The preparation of the growing season climate indices is described in: https://github.com/elisabethvogel/gs_clim_data
The following climate datasets are processed:
- CRU TS 3.23 dataset
- HadEX2 dataset
- CRU TS 3.23
- URL: https://crudata.uea.ac.uk/cru/data/hrg/cru_ts_3.23/
- Paper: Harris, I., Jones, P.D., Osborn, T.J. and Lister, D.H. (2014), Updated high-resolution grids of monthly climatic observations – the CRU TS3.10 Dataset. Int. J. Climatol., 34: 623–642. doi: 10.1002/joc.3711
- HadEX2
- URL: https://www.climdex.org/datasets.html
- Paper: Donat, M. G., L. V. Alexander, H. Yang, I. Durre, R. Vose, R. J. H. Dunn, K. M. Willett, E. Aguilar, M. Brunet, J. Caesar, B. Hewitson, C. Jack, A. M. G. Klein Tank, A. C. Kruger, J. Marengo, T. C. Peterson, M. Renom, C. Oria Rojas, M. Rusticucci, J. Salinger, A. S. Elrayah, S. S. Sekele, A. K. Srivastava, B. Trewin, C. Villarroel, L. A. Vincent, P. Zhai, X. Zhang and S. Kitching. 2013a. Updated analyses of temperature and precipitation extreme indices since the beginning of the twentieth century: The HadEX2 dataset, J. Geophys. Res. Atmos., 118, 2098–2118, http://dx.doi.org/10.1002/jgrd.50150.

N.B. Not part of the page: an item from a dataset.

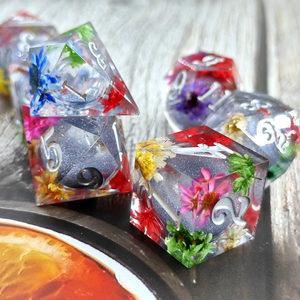 Dungeons &amp; Dragons Clear Glitter Polyhedral Resin <strong>Dice</strong> DND RPG 7 Board Game <strong>Dice</strong> Styles Per <strong>Set</strong> Pieces Colorful <strong>Colors</strong> Liquid Fl - Product Image 4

The agricultural yield, production and area harvested data was obtained from public databases by Ray et al. and is described in:
- Ray, D. K., Ramankutty, N., Mueller, N. D., West, P. C., and Foley, J. A. 2012. Recent patterns of crop yield growth and stagnation. Nat. Commun., 3, 1293
The climate and yield data were detrended using a non-linear, non-parametric detrending method based on Singular Spectrum Analysis (SSA).
# 1) Detrending climate and yield data
source("code/data_preparation/01_detrend_climate_and_yield_data.R")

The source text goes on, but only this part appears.